Top of Task inputs

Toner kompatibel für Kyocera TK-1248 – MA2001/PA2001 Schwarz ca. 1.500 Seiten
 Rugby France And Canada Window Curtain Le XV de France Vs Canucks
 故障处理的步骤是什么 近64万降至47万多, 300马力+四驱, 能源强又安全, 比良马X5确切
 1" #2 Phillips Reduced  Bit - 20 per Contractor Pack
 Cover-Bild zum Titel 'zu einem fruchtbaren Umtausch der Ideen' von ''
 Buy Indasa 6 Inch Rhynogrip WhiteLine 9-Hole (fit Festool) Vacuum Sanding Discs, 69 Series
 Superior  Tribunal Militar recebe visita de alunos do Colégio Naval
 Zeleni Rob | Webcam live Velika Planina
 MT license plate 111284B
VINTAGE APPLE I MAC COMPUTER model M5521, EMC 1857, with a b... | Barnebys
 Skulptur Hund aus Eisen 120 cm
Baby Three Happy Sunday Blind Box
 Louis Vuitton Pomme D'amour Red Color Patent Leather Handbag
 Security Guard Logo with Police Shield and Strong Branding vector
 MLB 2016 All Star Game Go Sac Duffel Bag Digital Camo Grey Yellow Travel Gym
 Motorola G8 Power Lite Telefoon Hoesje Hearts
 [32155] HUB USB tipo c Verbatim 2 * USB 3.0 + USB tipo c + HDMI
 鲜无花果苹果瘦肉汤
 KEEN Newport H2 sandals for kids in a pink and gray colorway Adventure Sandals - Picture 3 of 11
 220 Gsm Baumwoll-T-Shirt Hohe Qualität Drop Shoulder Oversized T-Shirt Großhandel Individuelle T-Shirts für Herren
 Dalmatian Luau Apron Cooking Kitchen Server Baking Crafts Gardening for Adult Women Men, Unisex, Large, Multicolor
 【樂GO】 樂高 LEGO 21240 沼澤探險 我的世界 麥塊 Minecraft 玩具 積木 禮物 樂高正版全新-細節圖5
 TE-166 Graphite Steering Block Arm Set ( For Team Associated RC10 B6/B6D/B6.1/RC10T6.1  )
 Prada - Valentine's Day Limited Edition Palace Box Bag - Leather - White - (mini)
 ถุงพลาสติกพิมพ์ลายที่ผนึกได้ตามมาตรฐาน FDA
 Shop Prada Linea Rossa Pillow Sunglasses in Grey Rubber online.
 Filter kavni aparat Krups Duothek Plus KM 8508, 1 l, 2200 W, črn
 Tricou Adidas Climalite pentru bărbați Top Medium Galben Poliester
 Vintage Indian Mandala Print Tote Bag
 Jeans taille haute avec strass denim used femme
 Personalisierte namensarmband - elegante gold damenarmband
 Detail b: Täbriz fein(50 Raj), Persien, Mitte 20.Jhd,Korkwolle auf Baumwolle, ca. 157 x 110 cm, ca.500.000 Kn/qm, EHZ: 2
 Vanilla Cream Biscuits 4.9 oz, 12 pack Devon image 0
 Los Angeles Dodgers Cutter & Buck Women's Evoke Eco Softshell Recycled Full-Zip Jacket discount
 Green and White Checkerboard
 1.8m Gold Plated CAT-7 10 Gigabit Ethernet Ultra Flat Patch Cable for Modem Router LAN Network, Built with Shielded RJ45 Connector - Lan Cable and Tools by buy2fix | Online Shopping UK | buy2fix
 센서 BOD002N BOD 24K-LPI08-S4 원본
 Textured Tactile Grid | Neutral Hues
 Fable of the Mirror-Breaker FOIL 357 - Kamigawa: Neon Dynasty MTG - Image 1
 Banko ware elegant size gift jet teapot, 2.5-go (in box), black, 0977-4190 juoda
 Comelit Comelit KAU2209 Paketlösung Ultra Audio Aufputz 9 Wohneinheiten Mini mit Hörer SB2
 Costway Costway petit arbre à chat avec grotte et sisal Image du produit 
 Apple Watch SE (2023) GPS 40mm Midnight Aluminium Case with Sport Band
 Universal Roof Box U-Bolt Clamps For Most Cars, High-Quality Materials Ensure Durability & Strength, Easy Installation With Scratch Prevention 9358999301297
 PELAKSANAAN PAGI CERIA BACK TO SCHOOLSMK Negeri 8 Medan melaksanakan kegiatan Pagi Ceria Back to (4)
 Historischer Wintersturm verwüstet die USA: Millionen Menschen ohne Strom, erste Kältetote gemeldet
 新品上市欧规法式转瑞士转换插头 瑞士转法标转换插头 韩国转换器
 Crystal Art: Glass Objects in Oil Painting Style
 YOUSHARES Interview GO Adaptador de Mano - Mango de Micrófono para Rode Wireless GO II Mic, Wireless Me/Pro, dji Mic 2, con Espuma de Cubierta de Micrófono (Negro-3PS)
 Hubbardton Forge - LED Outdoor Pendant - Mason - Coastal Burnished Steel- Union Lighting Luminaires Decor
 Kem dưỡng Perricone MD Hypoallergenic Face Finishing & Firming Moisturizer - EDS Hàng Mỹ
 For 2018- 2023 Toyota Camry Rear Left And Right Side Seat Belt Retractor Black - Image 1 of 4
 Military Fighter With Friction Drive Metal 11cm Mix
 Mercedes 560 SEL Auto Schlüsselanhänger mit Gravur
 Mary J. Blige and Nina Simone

Bottom of Task inputs

## Aim of the task
Beginning of the records through the line with "Dalmatian Luau Apron": return that span exactly and stop there.

## Exercise response
Toner kompatibel für Kyocera TK-1248 – MA2001/PA2001 Schwarz ca. 1.500 Seiten
 Rugby France And Canada Window Curtain Le XV de France Vs Canucks
 故障处理的步骤是什么 近64万降至47万多, 300马力+四驱, 能源强又安全, 比良马X5确切
 1" #2 Phillips Reduced  Bit - 20 per Contractor Pack
 Cover-Bild zum Titel 'zu einem fruchtbaren Umtausch der Ideen' von ''
 Buy Indasa 6 Inch Rhynogrip WhiteLine 9-Hole (fit Festool) Vacuum Sanding Discs, 69 Series
 Superior  Tribunal Militar recebe visita de alunos do Colégio Naval
 Zeleni Rob | Webcam live Velika Planina
 MT license plate 111284B
VINTAGE APPLE I MAC COMPUTER model M5521, EMC 1857, with a b... | Barnebys
 Skulptur Hund aus Eisen 120 cm
Baby Three Happy Sunday Blind Box
 Louis Vuitton Pomme D'amour Red Color Patent Leather Handbag
 Security Guard Logo with Police Shield and Strong Branding vector
 MLB 2016 All Star Game Go Sac Duffel Bag Digital Camo Grey Yellow Travel Gym
 Motorola G8 Power Lite Telefoon Hoesje Hearts
 [32155] HUB USB tipo c Verbatim 2 * USB 3.0 + USB tipo c + HDMI
 鲜无花果苹果瘦肉汤
 KEEN Newport H2 sandals for kids in a pink and gray colorway Adventure Sandals - Picture 3 of 11
 220 Gsm Baumwoll-T-Shirt Hohe Qualität Drop Shoulder Oversized T-Shirt Großhandel Individuelle T-Shirts für Herren
 Dalmatian Luau Apron Cooking Kitchen Server Baking Crafts Gardening for Adult Women Men, Unisex, Large, Multicolor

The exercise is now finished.